A couple of months ago someone shared a link to a blog post about how to survive being an author.
Of course, once I saw the title I clicked on it, expecting either a really good article with some tips or perhaps some light-hearted funny antidotes on how to survive this crazy career.
So which one did I get?
Instead I, along with anyone self publishing their novels who read the blog, got this author’s pity because I was a “self-published” author and she was with a publisher and how all us self-published people just have it so much harder and, this was her ONE tip on how to survive being an author, we should all get writer friends.
Yep. That’s it.
Writer friends. That’s how all us poor, pitiful, unsuccessful self-published people survive. You know, because we don’t have the ever helpful, do everything for you publisher like she does.
There is nothing to writing. All you do is sit down at a typewriter and bleed ~ Hemingway
I’ll be the first to tell you that I have a good publisher. Sure, there have been problems and issues with the company, but that’s to be expected. No one is perfect just like no company is perfect. However, if I were to brag that having a publisher was better like this blogger, well, then I wouldn’t have done my last three novels myself, would I? Hint. Hint.
But back to my point. For the sake of actually writing a piece and giving advice that the other blogger lacked, here are some actual tips on how to stay sane in the writer world. Warning—these tips are for authors who are traditionally published and those who are self-published, or should I say the “unloved red-headed stepchildren.”
The mind of a writer can be a truly terrifying thing: isolated, neurotic, caffeine-addled, crippled by procrastination and consumed by feelings of panic, self-loathing and soul-crushing inadequacy. And that’s on a good day ~ Robert Deniro
So how does one survive this crazy career we call author?
Of course, this blogger had it correct in saying we needed writer friends because, yes, we do. We need them. They understand what you’re going through. They help you when other family and friends don’t seem to care or don’t know how to care.
Non-writers don’t understand how hard it is to get reviews, and then how it is to face the bad ones. Non-writers also don’t understand the importance of sharing and spreading the word. Now, this isn’t meant to bash them, this is just simple fact, and it’s perfectly okay for them not to know these things. But writer friends do.
They get you and let’s face it, sometimes we writers can be somewhat of odd ducks.
Sure, we are amazing people that can turn blank computer screens into hundreds and hundreds of pages of pure entertainment just from the deepest parts of our minds.
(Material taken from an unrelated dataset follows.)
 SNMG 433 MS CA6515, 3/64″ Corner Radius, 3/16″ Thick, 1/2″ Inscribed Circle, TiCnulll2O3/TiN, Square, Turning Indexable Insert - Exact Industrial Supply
But we can also talk to our selves in public when we are thinking about plot points. We can jump for joy in the middle of a grocery store because we thought of a plot twist in that exact moment as we reached for the coffee grounds. And we can not only act out our scenes while in our homes or cars, but we talk to and about our character as though they are real people.
To a non-writer, that could seem . . . perhaps a tad comparable to those pictures of the “Walmart people”, and it’s because of this we need our own people.
With that said, though, our own people aren’t all we need, which is where the original blogger fell short.
So what is the second thing we need? Well, we also need a thick skin.
Between having your writing ripped apart by bad reviews, feeling the sting of unsupportive family and friends, dealing with the green-eyed monster in competitiveness with other authors, and the highs when opening big royalty checks or low, low, lows when it comes to the lack of sales or interest, authors face a range of emotions that simply cannot be explained with mere words.
We take the good with the bad. We take the moments where we are on cloud nine with the moments we want to throw our computer across the room and quit. We take the praise from an amazing review with the tears and gutted feelings of a bad one.
And to do this, we’ve got to be able to handle it all without quitting or walking away. Sure, that’s the easy thing to do, but then wouldn’t you be walking away from your passion?